╭─ Data to process

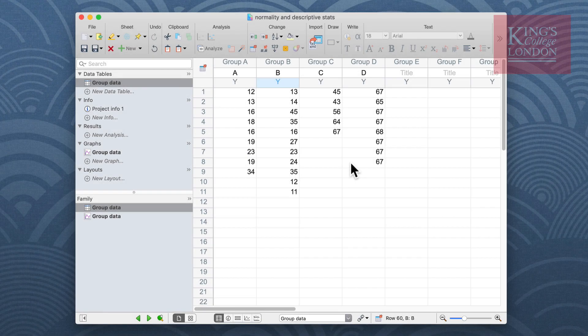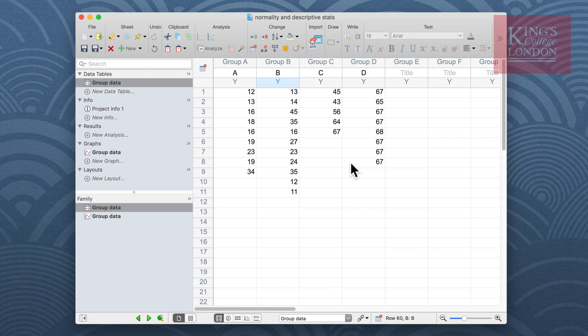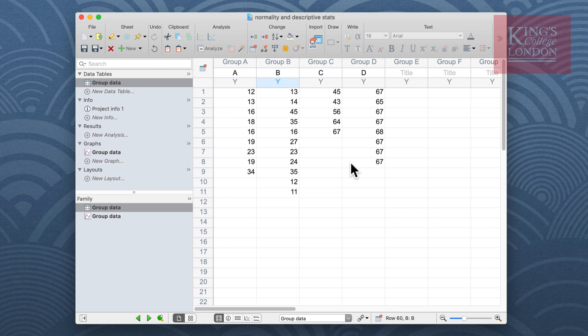Hello, my name is James Clark from King's College London. In this brief walkthrough I'm going to look at ways of describing your data sets and also how to test for normality within your experimental data using GraphPad Prism.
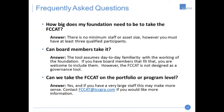Moving on to frequently asked questions. Some foundations have asked: how big does my foundation really need to be to take the FCAT? The answer is there's really no minimum staff or asset size — we just ask that you have three qualified participants, who can be staff, or board members if they are intimately familiar with the inner workings of the foundation. Board members can take it, though it's not that common that only board members would take it. If you have any questions or you're on the fence, please reach out to us at the email shown on this slide — we're happy to work through the particulars of your foundation and figure out what makes the most sense.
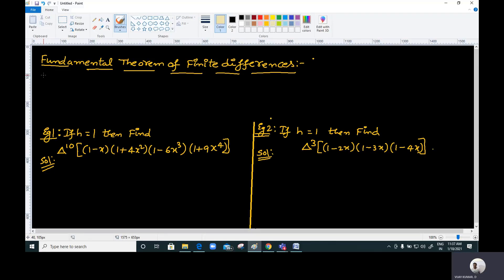Hi everyone, welcome back to our channel. In this video I would like to give the statement of the fundamental theorem of finite differences and examples on it. See the statement of the fundamental theorem of finite differences.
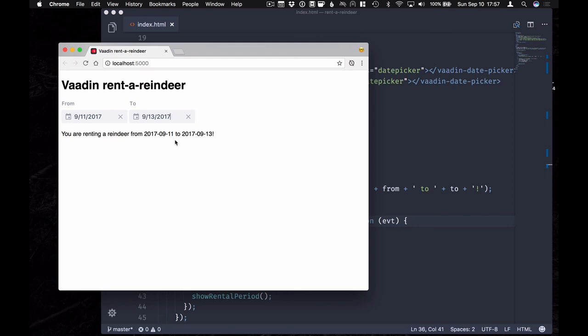So that's how you can use Vaadin Elements together with pretty much any UI framework that's available. I hope you enjoyed the video and thanks for watching.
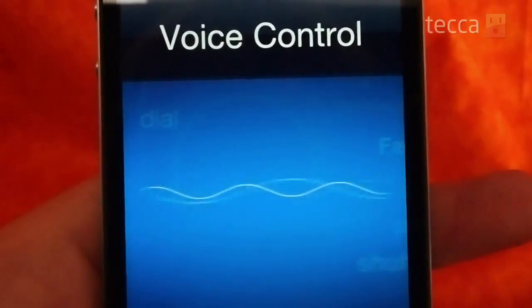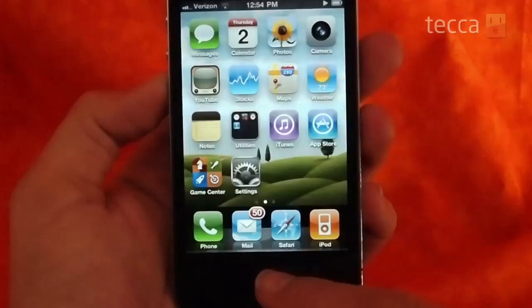Voice commands can be handy if your phone is tucked away into a pocket, or maybe you're jogging and you want to feel vaguely futuristic as you call your friends wirelessly by telling your iPhone what you want to do.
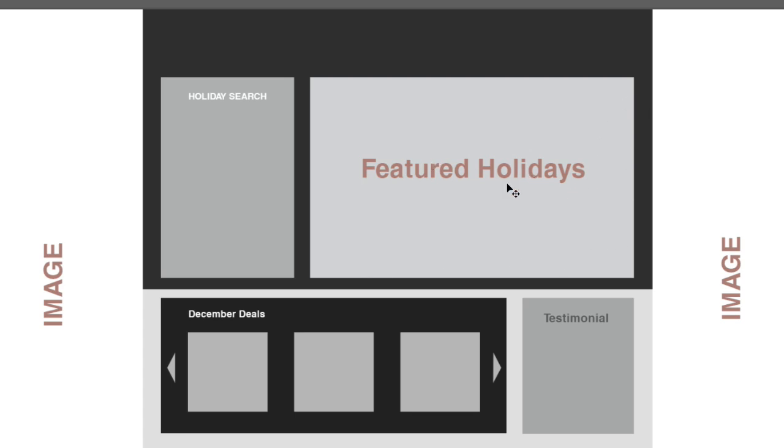And then we move on to the left side. This is where we're going to have the holiday search.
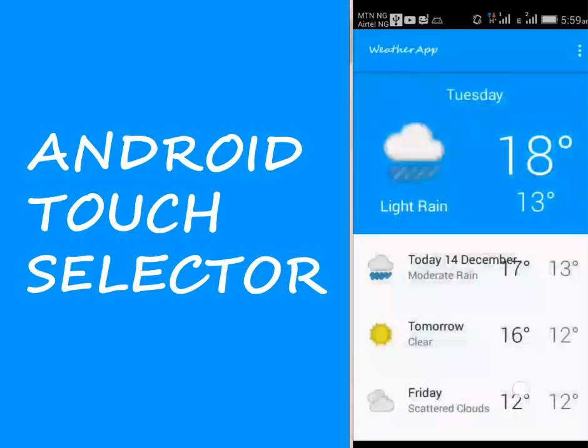Hi guys, that's the 28th module of this particular weather application. We'll be talking about the touch selectors.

╰─

• _Your goal_
Although pictures appear among the records above, write out exactly only the lines from the one that has "Hi everyone, welcome" through the one that has "So that's how", and leave the pictures out.

• _Exercise solution_
Hi everyone, welcome back to our channel. In this video I would like to give the statement of the fundamental theorem of finite differences and examples on it. See the statement of the fundamental theorem of finite differences.
So that's how you can use Vaadin Elements together with pretty much any UI framework that's available. I hope you enjoyed the video and thanks for watching.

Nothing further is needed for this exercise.